In places such as Kabul, Gaza, and Baghdad, unmanned aerial vehicles (UAVs) hovering over homes, following suspects, and tracking enemies of the state are a daily reality.

So where are the high-tech drones buzzing to next? Miami-Dade County, natch!

The Miami-Dade Police Department is poised to become the first large metro force using drones in its aerial missions. The department finalized a deal to buy a drone called T-Hawk from defense firm Honeywell and officially applied for permission from the Federal Aviation Administration (FAA) last month to begin flying it around the county.

What's not clear is how cops will sort out the raft of thorny privacy questions hovering around plans for using this powerful, new eye in the sky.

"At this point, it doesn't really matter if you're against this technology, because it's coming," says P. W. Singer, author of Wired for War and an expert on drones. "The precedent that is set in Miami could be huge."

Drones, or UAVs, have exploded in popularity over the past five years. As Singer writes in his book, the military barely used the technology during the invasion of Iraq in 2003. Now the Army and Air Force have more than 7,000 drones overseas, and 44 other countries use the devices.

But Miami-Dade is blazing new territory for civilian law enforcement agencies. Cops in Houston have tested UAVs, and a sheriff's office in Colorado has a drone to look for stranded hikers. But no one has deployed a drone in a large metro area.

"Miami-Dade is really at the front of this trend," says Lindsay Voss, a researcher with the Association for Unmanned Vehicle Systems International (AUVSI), a trade group.

MDPD is keeping the details of its deal with Honeywell quiet.
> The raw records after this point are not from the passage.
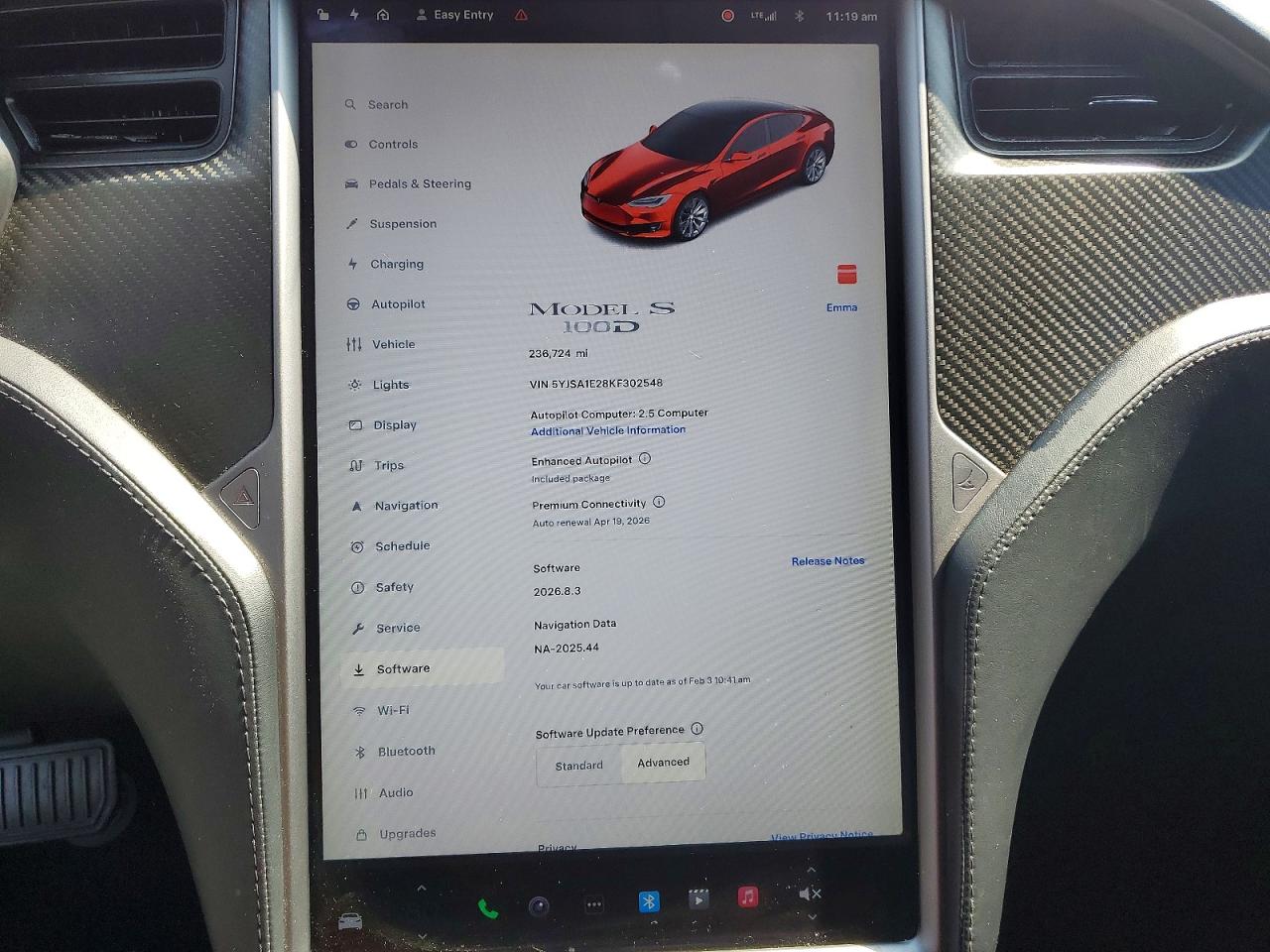 TESLA MODEL S 2019 — 10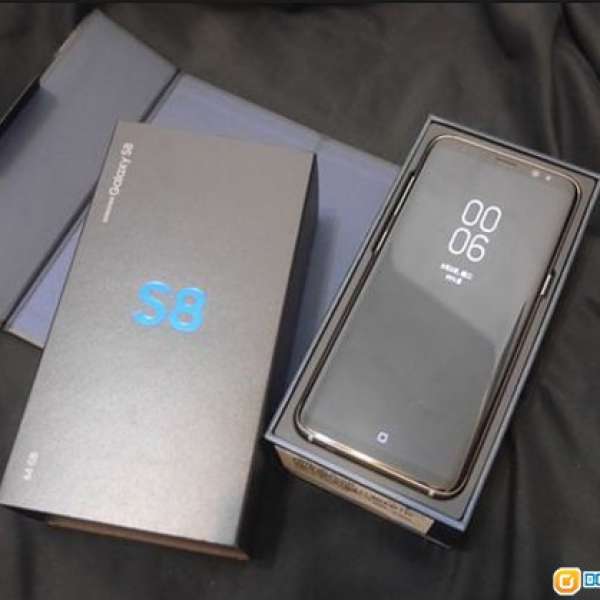 S8 紫灰  3HK台機  99.9%新 香港行貨  有單  配件全齊未用 (5.8 吋 4GB Ram + 64GB...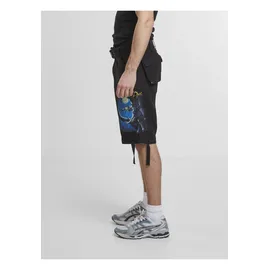 Brandit Textil Iron Maiden Savage Shorts Kurze Hose Schwarz 6XL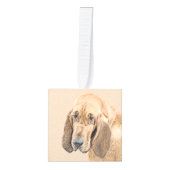 Bloedhond schilderen - Kute Original Dog Art Decoratie (Voorkant)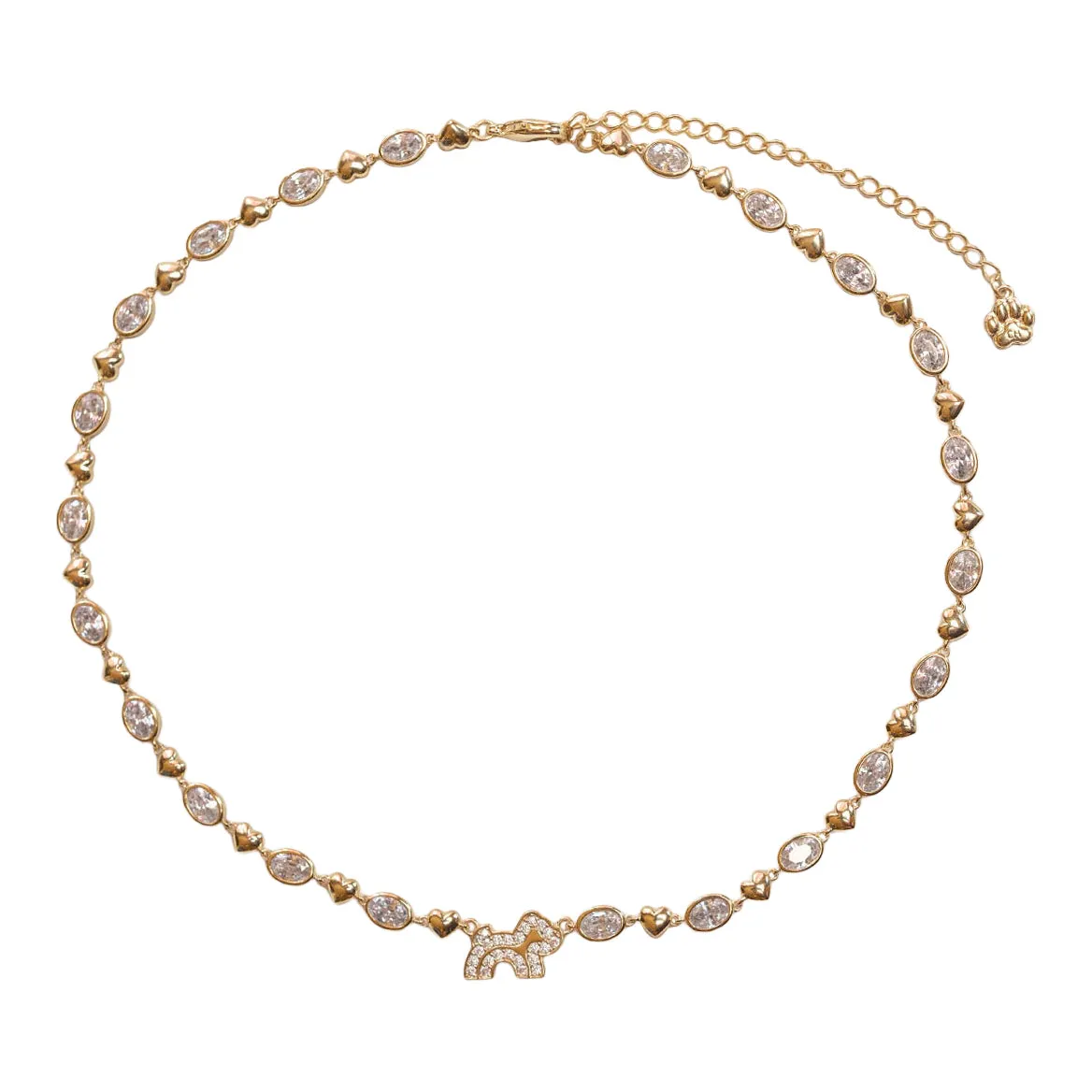 Cloud Haven Crystal Logo Necklace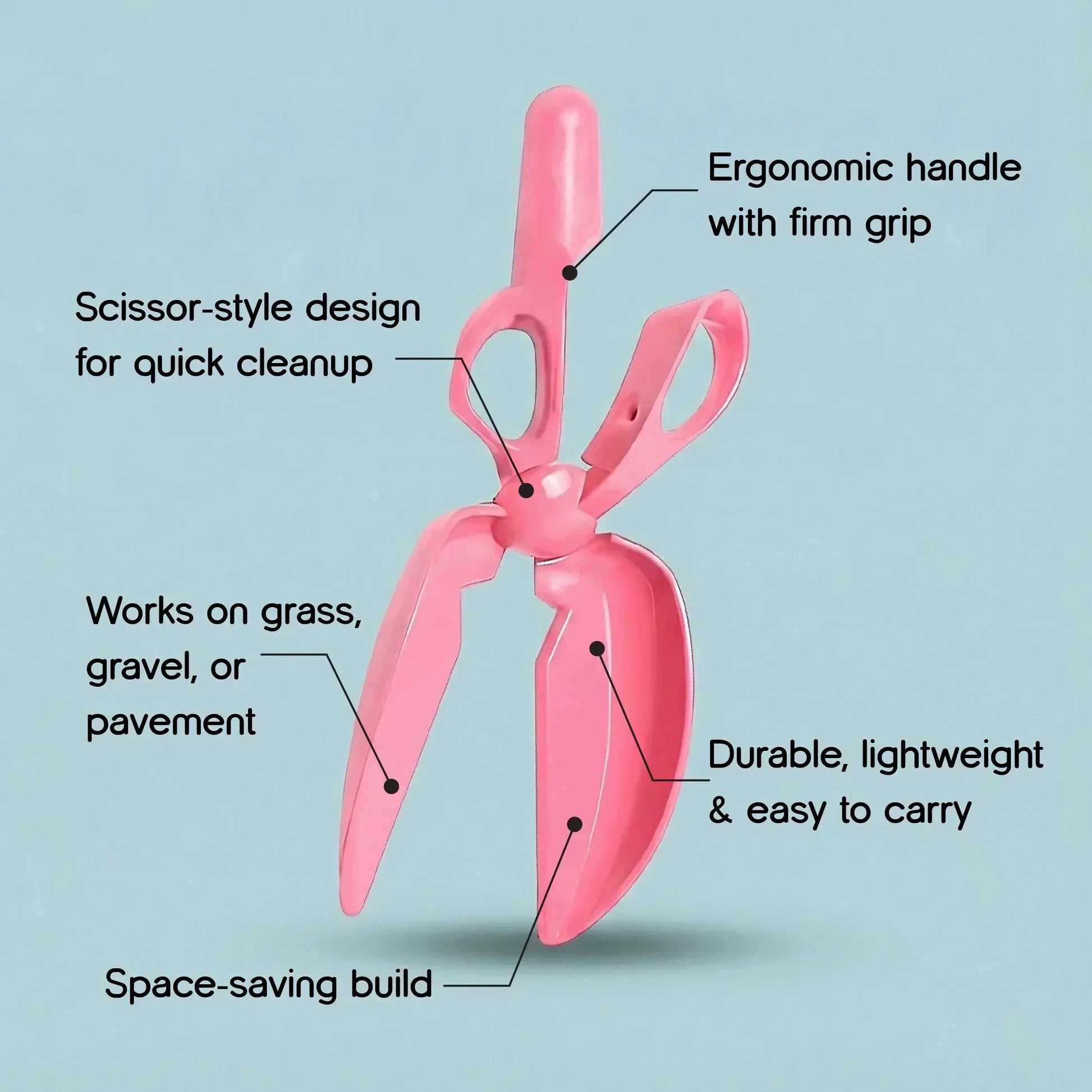 SnapClean Poop Scooper | No-Touch, Hygienic & Effortless Cleanup for Dogs - Tilting Heads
The department didn't respond to Riptide's Freedom of Information Act request about the contract, but sources confirm the drone purchased is Honeywell's T-Hawk.

The 20-pound drone, which resembles a hovering Roomba vacuum with cameras mounted on the sides, can fly for 40 minutes at a time, reach 10,500 feet, and cruise at up to 46 mph, according to one analysis.

The FAA has never approved a drone for regular flight in an urban area, and it's not clear how long it will take the department to get full clearance.

When that happens, MDPD will likely deploy the aircraft with its Special Response Teams. Packing powerful cameras, the drone could track suspects, sweep past houses, and peep through windows. Boosters say the gadget will keep the 305 safer.

"We've seen over in Iraq and Afghanistan, where troops have needed eye in sky, it's been enormously beneficial," Voss says. "Those same qualities can help cities too."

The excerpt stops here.